IncidentFaster action
401 / 403Check key, permissions, env changes first
429Reduce concurrency, enable backoff, check traffic spike
5xx / timeoutCheck provider health, switch to fallback if needed
schema failAdd a repair path or revert to old prompt
hallucination surgeLower temperature, tighten scope, strengthen source guard

In incident response, "stop the bleeding first" is usually more important than "find the root cause immediately."


Tracing and logging: what's the minimum?

Debugging AI without a trace ID is almost always painful later.

Each request should at minimum be linked to:

  • trace_id
  • model / provider
  • prompt or config version
  • retry count
  • retrieval source IDs
  • tool call summary
  • latency
  • token usage

This isn't about logging sensitive content verbatim -- it's about being able to trace a bad request end-to-end through the system.


Quality incidents and infra incidents aren't the same thing

This is where many teams get confused.

Infra incidentQuality incident
Obvious errors, timeouts, failuresLooks successful, but content is noticeably worse
Easier to detect with system metricsOften only found through sample review
Usually look at provider / worker firstUsually look at prompt / retrieval / policy first

If you treat a quality incident like a regular 5xx outage, you'll miss the real problem.

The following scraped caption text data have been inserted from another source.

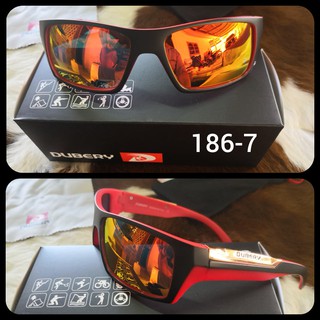 [ส่งจากไทย+ของแถม]แว่นกันแดด รุ่น186-7 เลนส์ polarized ของแท้100% ตัดแสง สบายตา ยี่ห้อ DUBERY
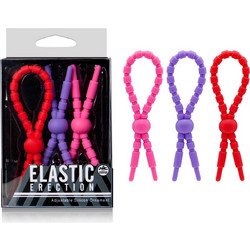 NMC Elastic Cock Rings Erection Σετ Ρυθμιζόμενα Ελαστικά Δαχτυλίδια Πέους & Όρχεων Σιλικόνης 3τμχ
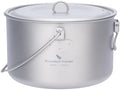 iBasingo 1950ml (65.9oz) Titanium Camping Bail Handle Pot Ti2044C by iBasingo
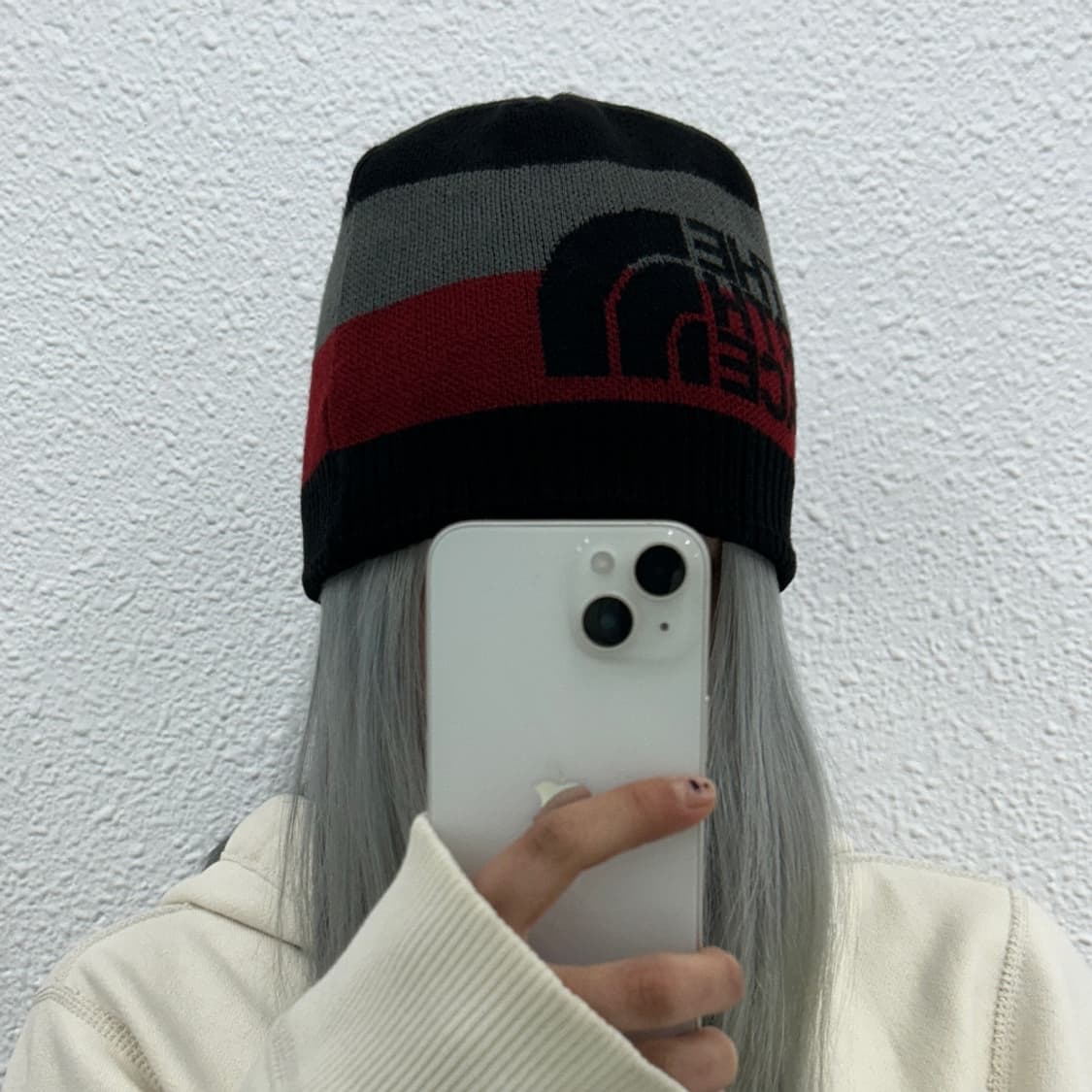 노스페이스 단가라 블랙 비니 상품이미지1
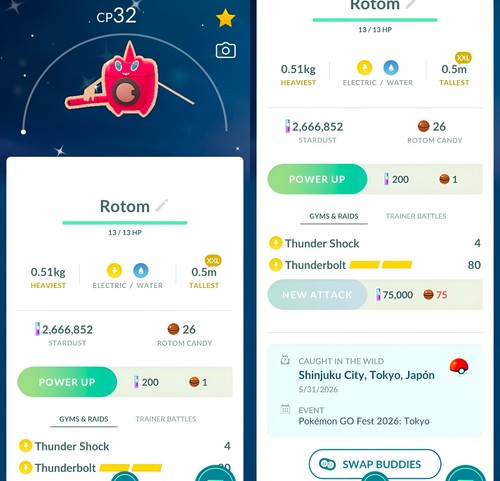 Shiny rotom wash - rotom, 1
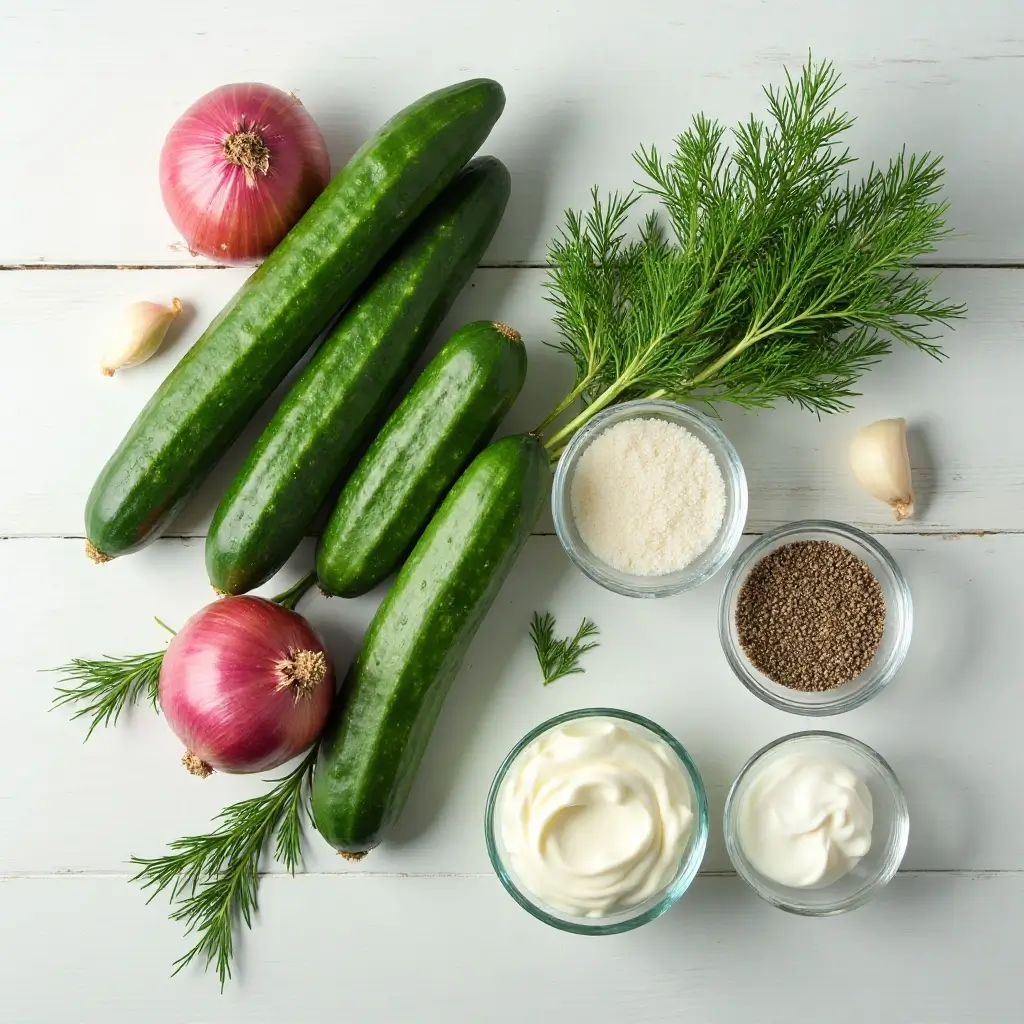 Creamy Cucumber Salad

Runbooks shouldn't just be archived docs

A usable runbook needs at minimum:

  1. Symptoms
  2. Quick diagnostic entry points
  3. Temporary mitigation actions
  4. Root cause investigation path
  5. Rollback method
  6. Responsible person and escalation path

Without these, runbooks quickly become "postmortem reading material" instead of a tool you actually use on-call.


The most valuable part of a postmortem

AI incident postmortems shouldn't just say "issue fixed."

What they should really cover:

  • Which monitor should have alerted earlier?
  • Which bad case should be added to the eval set?
  • Which rollback switch wasn't fast enough?
  • Which guardrail could have caught it proactively?

A truly good postmortem turns incidents into future system capabilities.


Practice

Take one of your live AI features and fill in these 4 things:

  1. A one-page incident classification table
  2. A one-page triage sequence
  3. Runbooks for your 3 most common failure types
  4. A set of fields that must be in every trace

Once these are in place, the team will be much more stable when things go wrong.

📚 相关资源

❓ 常见问题

关于本章主题最常被搜索的问题,点击展开答案

AI incident 排障的正确顺序是什么?

先分型,再排障,最后才看模型。3 步:(1) 判断是哪类事故(provider/infra、quality drift、retrieval failure、tool failure、cost/latency spike 5 类);(2) 缩小到哪一层(request / routing / context / execution / outcome);(3) 才做 prompt / model 级定位。一上来盯单条 bad sample 会被噪音拖死。

AI incident 第一轮 triage 应该看什么?

4 个问题,从面到点:最近有没有发过配置 / prompt / model 变更(看 deploy timeline)、错误是不是集中在某 provider / region(看 provider dashboard)、是全量都坏还是某一类请求坏(按 segment / tenant / feature flag 切)、是 deterministic error 还是质量漂移。先看面再看点,否则容易陷入个例。

Quality incident 和 infra incident 怎么区别处理?

完全两套打法。Infra incident:明显报错 / 超时 / 失败,靠系统指标发现,先看 provider 和 worker。Quality incident:看起来成功但内容明显变差,要靠 sample review 才发现,先看 prompt / retrieval / policy。把 quality incident 当 5xx 处理是常见误判 —— 你会盯 retry 但根本不在 retry 上。

AI 请求至少要 trace 哪些字段才好排障?

至少 8 项:trace_id、model / provider、prompt 或 config 版本、retry count、retrieval source IDs、tool call summary、latency、token usage。不是要你把敏感内容全记下来,是让你能把一次坏请求在系统里串起来 —— 没有 trace_id 的 AI 排障基本都很痛。

AI runbook 应该写什么才在现场真正能用?

6 件事缺一不可:症状描述、快速诊断入口、临时止损动作、根因排查路径、回滚方法、责任人和升级路径。常见 3 类故障必须各有 runbook:401/403 先查 key/permission,429 先降并发开 backoff,hallucination surge 先收温度收 scope 加 source guard。Runbook 不能只当事后存档。